▸ About this task:
It would help if you retyped the data exactly, leaving out the pictures.

▸ Extracted entries:

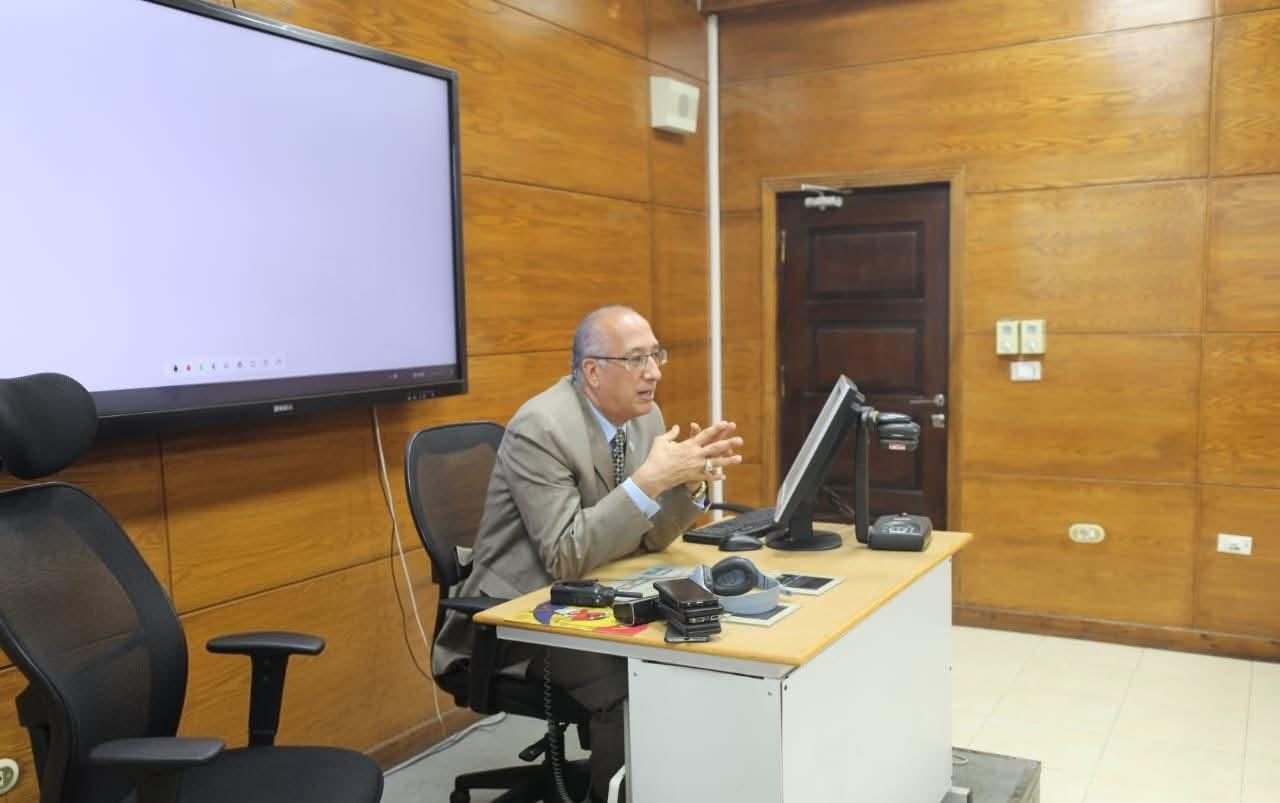 مطار القاهرة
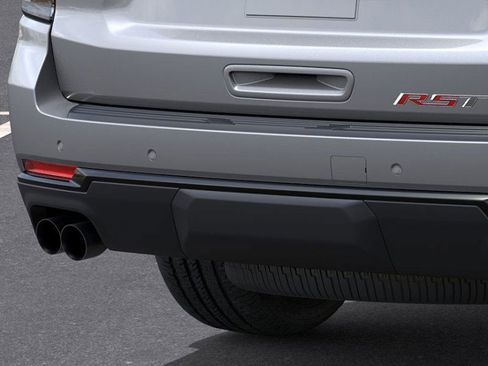 New 2026 Chevrolet Suburban RST image 14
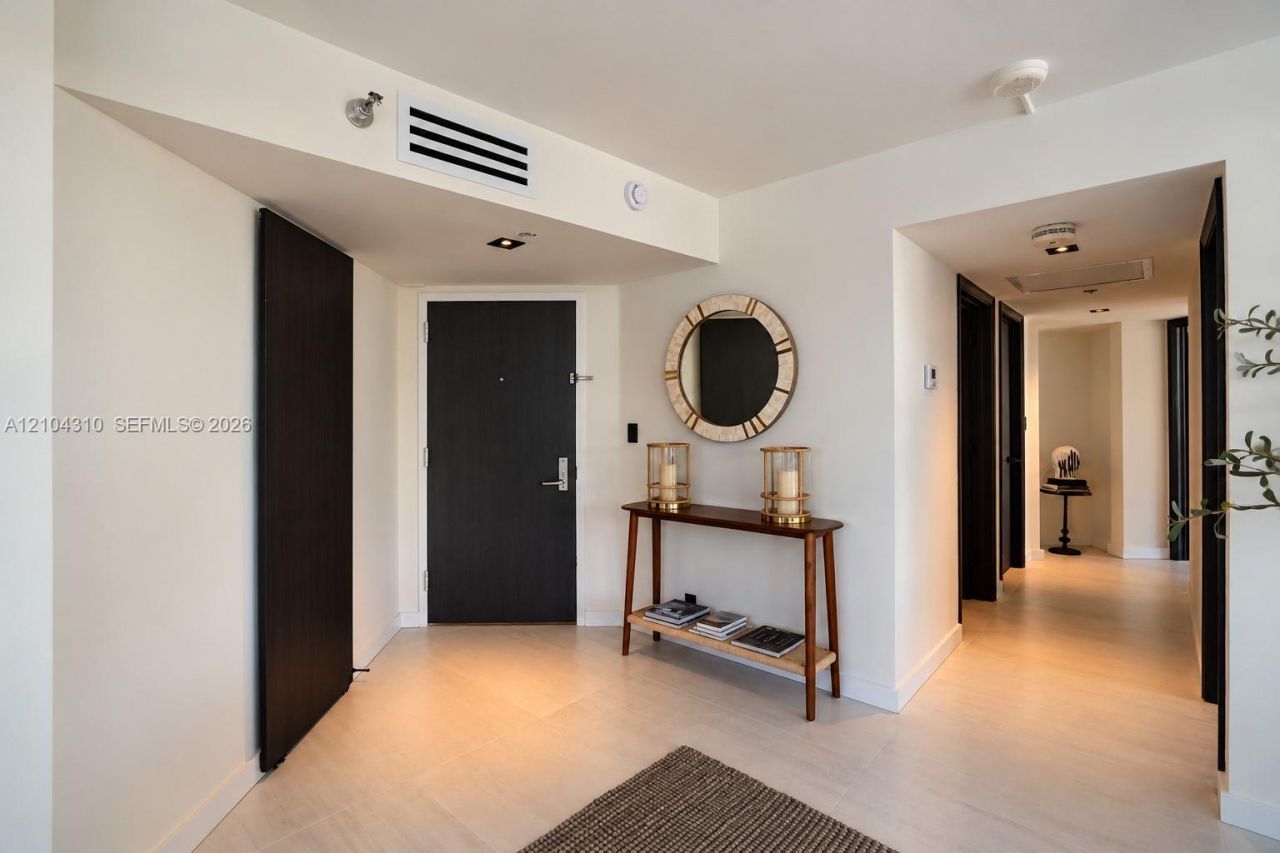 3530 Mystic Pointe Dr , Unit 415, Aventura, FL 33180 Photo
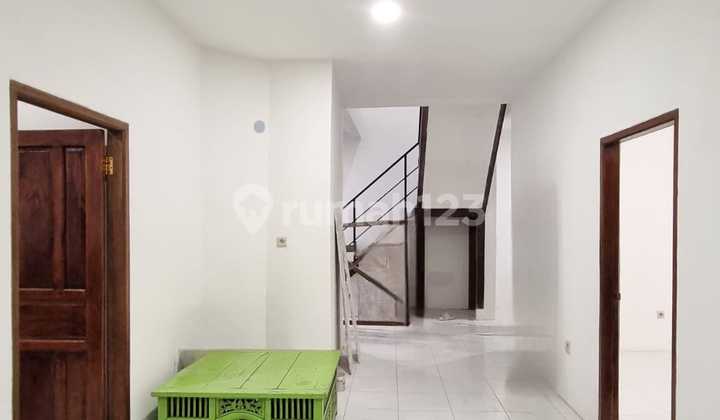 For Sale Beautiful Spacious Strategic Ready-to-Live Attractive House Near Bintaro Sector 3
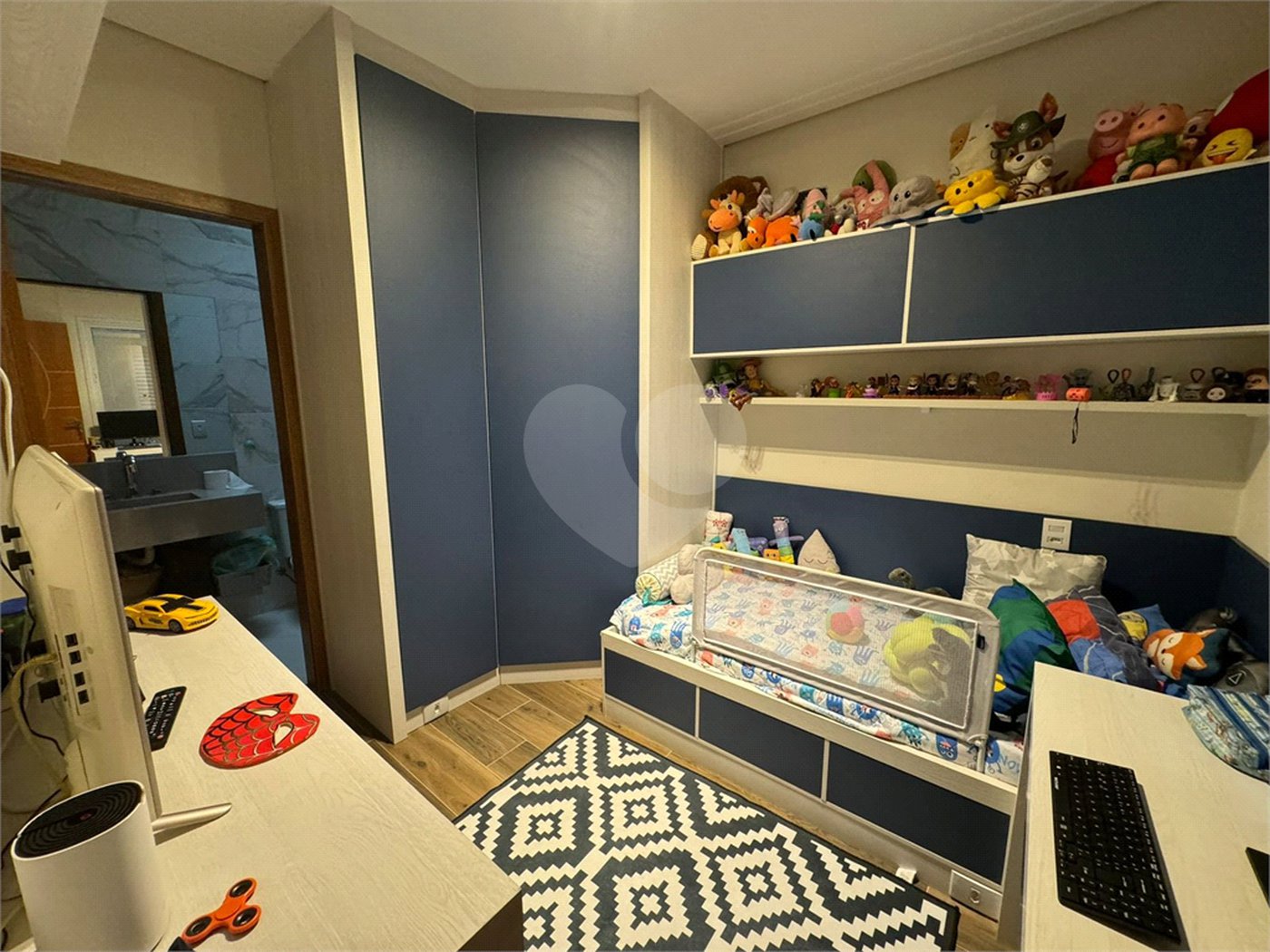 Casa à venda com 3 suítes em Vila Comercial, São Paulo, SP
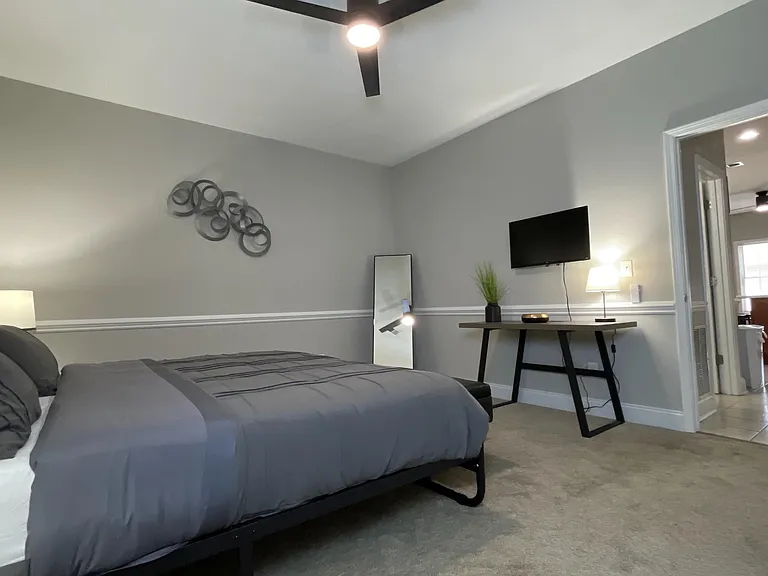 169 E Grand Ave #101 — Photo 23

▸ Task answer:
 مطار القاهرة
 New 2026 Chevrolet Suburban RST image 14
 3530 Mystic Pointe Dr , Unit 415, Aventura, FL 33180 Photo
 For Sale Beautiful Spacious Strategic Ready-to-Live Attractive House Near Bintaro Sector 3
 Casa à venda com 3 suítes em Vila Comercial, São Paulo, SP
 169 E Grand Ave #101 — Photo 23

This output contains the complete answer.